In interaction, humans align and effortlessly create common ground in communication, allowing efficient collaboration in widely diverse contexts. Robots are still far away from being able to adapt in such a flexible manner with non-expert humans to complete collaborative tasks. Challenges include the capability to understand unknown feedback or guidance signals, to make sense of what they refer to depending on their timing and context, and to agree on how to organize the interaction into roles and turns. As a first step in approaching this issue, we investigate the processes used by humans to negotiate a protocol of interaction when they do not already share one.
We introduce a new experimental setup, where two humans have to collaborate to solve a task. On the left you is a schematic view of our experimental setup. An architect (bottom) and a builder (top) should collaborate in order to build the construction target while located in different rooms. The architect has a picture of the targeted construction, while the builder has access to the construction blocks. The communication between them is restricted. The problem is illustrated in the video below.
For our experiment, the setup is more constrained. The architect only sees a top view of the builder’s workspace and can communicate with the builder only though the use of 10 buttons which, when pressed, display symbols on a screen on the builder side. The channels of communication they can use are constrained and force them to invent and agree on a shared interaction protocol in order to solve the task. These constraints allow us to analyze how a communication protocol is progressively established through the interplay and history of individual actions.
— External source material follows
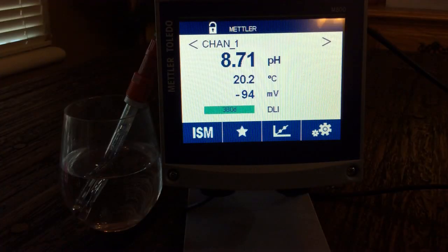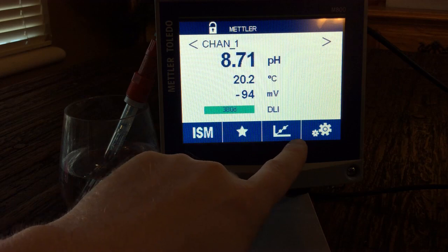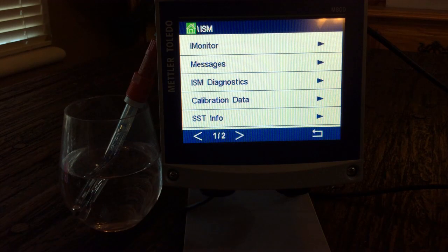Let's take a look at some of the features in setting this up in the menu. We have our ISM, our favorites, calibration and maintenance, and settings tabs. This is a touch screen transmitter. Going into ISM — ISM stands for Intelligent Sensor Management.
We report preliminary results obtained from a pilot study, and discuss how the understanding of strategies used by humans could be useful to achieve more flexible HRI.
Above is a timeline for one experiment of an architect and a builder collaborating towards building the construction target (right hand side). The top and middle part show the timeline of button presses associated with the intended meaning from the architect (top) and the understood meaning from the builder (middle). There were 10 buttons, for which we logged all button presses for each experiment and here display all occurrences as colored dashes. Using the signal meanings participants reported during the game, the events are annotated with the meaning the architect intended or the builder understood. Events that are not annotated were not mentioned by the participants. At the bottom, the figure additionally visualizes the progress made by the builder in assembling the target structure and also shows incorrect block propositions, joining of incorrect blocks and mistakes. These events were annotated by hand. A block proposition here started, when the transportation of the block towards the workspace ended and the block lay still on the table. It ended when the block was again picked up and subsequently removed from the workspace. These presentation events were classified into correct and incorrect propositions by determining whether the proposed block was part of the target structure. Equivalently, a joining event started, when two blocks were successfully joined at either a correct or incorrect position (again depending on whether the resulting configuration was part of the target structure). It ended before the first frame in which the two previously joined blocks were again pulled apart.